Fans are the lifeblood of every professional athlete, first-year Washington Spirit head coach Richie Burke said. Players “absolutely thrive when they hear that roar behind them, chanting their name.” But after making consecutive National Women’s Soccer League (NWSL) playoff appearances in 2015-16, including a run to the championship game in 2016, Spirit followers haven’t had much to cheer about the past two seasons—Washington compiled a 7-32-9 record in 2017-18.
Now, however, with its 2-0 victory over Utah Royals FC on June 1 in front of a season-high crowd of 4,575 at the Maryland SoccerPlex in Boyds and 1-1 draw against Reign FC on the road in Tacoma, Washington, June 15, The Spirit (5-1-2) maintains sole possession of first place in the NWSL standings. The top four teams at the end of the regular season in mid-October qualify for playoffs. The Spirit, amid a franchise-record six-game unbeaten streak, currently has a 17-16 advantage over Utah in second place (as of June 17); Portland Thorns FC is in third with 15 points, followed by defending league champion, North Carolina Courage in fourth with 13 points.
This season’s success has brought a renewed energy and outlook to The Spirit players and fans alike.
“There have been a lot of changes, some really great changes; it’s been kind of a fresh start, maybe a little bit of a makeover, so to speak, and it’s been really positive and refreshing,” said The Spirit veteran Tori Huster. “There’s definitely a different feel (in the stadium). We’re seeing people out here that we haven’t seen before and it’s awesome to get new faces out here. I think the brand of soccer that we play, it’s going to make people come back. I’m excited about that and I’m excited that people know even some of the younger players, fans know their names already and that’s a credit to our social media team and the off-field marketing we’ve done.”
Lack of talent has never been an issue for Washington, but Huster and second-year goalkeeper Aubrey Bledsoe, who was one of four Washington Spirit players named to the NWSL May Team of the Month, agreed that improved off-field camaraderie and cohesiveness—including players’ relationships with the front office—has translated on the field.
“Last year we had the talent, but the self belief wasn’t there; we weren’t confident, collectively, and we weren’t getting the best out of each other,” Bledsoe said. “This year we are getting the best and more out of each other, and it shows. We are playing for each other, we believe in each other, and it’s been a lot of fun.”

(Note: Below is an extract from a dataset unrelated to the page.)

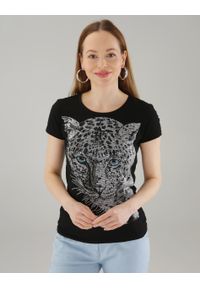 Unisono - CZARNY T-SHIRT Z BAWEŁNY. Kolor: czarny. Materiał: bawełna. Długość rękawa: krótki rękaw. Długość: krótkie. Wzór: nadruk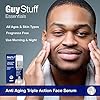 Mens Face Moisturizer Lotion - Serum For Eyes Face & Neck - Anti Aging - Anti Wrinkle - Hydrates & Firms - Retinol - Hyaluronic Acid - Vitamin C - Rejuvenates Facial Skin Cream by Guy Stuff Essentials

Led by Ashley Hatch (three goals), Jordan DiBiasi (two) and Cheyna Matthews (two), The Spirit has already scored more goals—13—through eight games this year than the entire 2018 season. Lorton, Virginia, native and midfielder Andi Sullivan picked up her first goal of the season in Tacoma. Defensively, Washington is tied with Utah for fewest goals allowed: five. With 40 saves, Bledsoe is only averaging a .625 goals against average. And while she was quick to credit the team’s attackers for their ability to defend from the top, Hatch said Washington’s stingy defense has played an integral role in its offensive production.
Following the win over Utah, Burke said he was pleased with the team’s patience with the ball, and the Spirit’s efficiency in maintaining possession. On average, Washington has controlled possession for 55 percent of its games and is passing at a 79.1 percent success rate.
As women’s soccer is in the spotlight while the U.S. Women’s National Team (USWNT) competes in France to defend its 2015 World Cup title—Washington midfielder Rose Lavelle and forward Mallory Pugh earned their first World Cup starts and combined for three goals in the USWNT’s first two games—The Spirit are hoping to build upon increased awareness of the sport. And their success will surely help attract a wider audience. Competing in a league that is perennially virtually up for grabs, Bledsoe said picking up as many points as possible while teams are without their World Cup players, and separating themselves from the pack, will bode well for The Spirit.
“The great thing about our players is they’re great humans as well,” Burke said. “They reach out to the younger players (in our community) and go out and visit them. They realize the value of these younger players. … Our fans have been out in force and our players have responded to that. So, long may it continue and hopefully our fanbase will grow and people will come take a look at our product and say, ‘Hey, that’s a great soccer team.’ We’ve got some great characters and some great people on this team. It’s easy to get behind these players.”